Proses malam selikuran dimulai dari prajurit keraton keluar dari pintu utama keraton yang berjalan pelan. Barisan pertama para prajurit membawa umbul-umbul dan bendera keraton. Mereka berjalan sangat pelan dan menghayati prosesinya.
Di belakang prajurit keraton dilanjutkan dengan iring-iringan abdi dalem keraton yang jumlahnya cukup banyak. Kemudian beberapa anggota keluarga keraton turut berjalan dalam iring-iringan rombongan. Setibanya di masjid, rombongan masuk ke dalam dan berdoa bersama.
Malam selikuran berasal dari bahasa Jawa yang artinya selikur atau dua puluh satu. Malam selikuran selalu dilakukan di malam ke-21 Ramadan tiap tahunnya. Malam Lailatul Qadar juga diperingati sebagai waktu Nabi Muhammad SAW menerima wahyu pertama kali dalam bentuk Al-Quran.
Sejak ratusan tahun lalu tradisi malam selikuran selalu dilakukan di Malam Lailatul Qadar bulan Ramadan. Tradisi ini selalu dilestarikan oleh Keraton Surakarta dan warga Solo. Setiap tradisi ini dilakukan, warga berbondong-bondong ikut menyaksikan dari dekat.

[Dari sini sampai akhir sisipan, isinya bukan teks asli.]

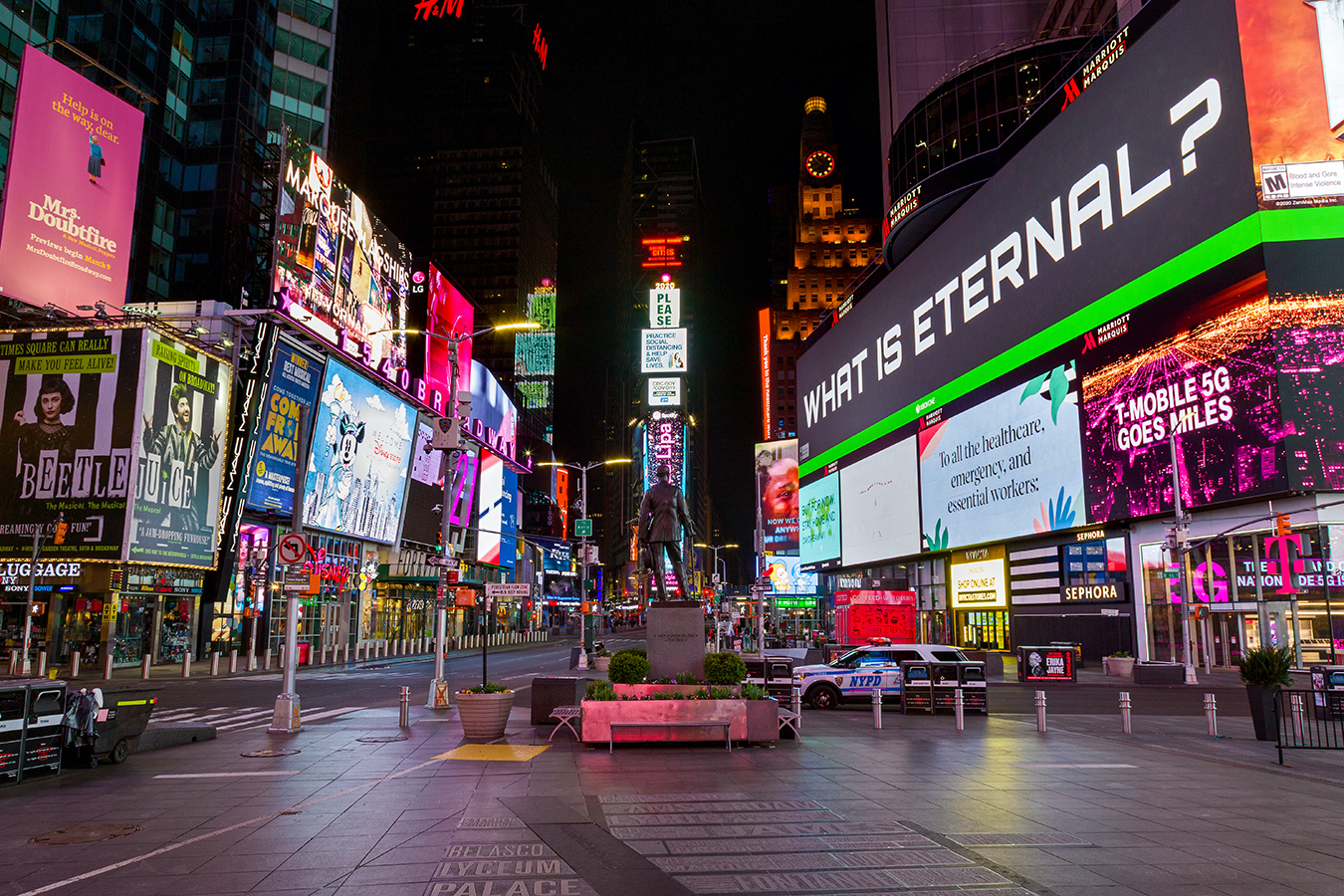 Pandemie hat gewaltige negative Folgen für den Times Square, aber birgt auch Chancen für einen Neubeginn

Sebenarnya selain di Solo, Jawa Tengah, masih banyak beberapa daerah di Indonesia yang melakukan tradisi Malam Lailatul Qadar. Misalnya yang dilakukan sebuah desa di Wonogiri, Jawa Tengah. Para warga melakukan acara kenduri sambil makan malam bersama dengan menu ayam ingkung dan nasi gurih.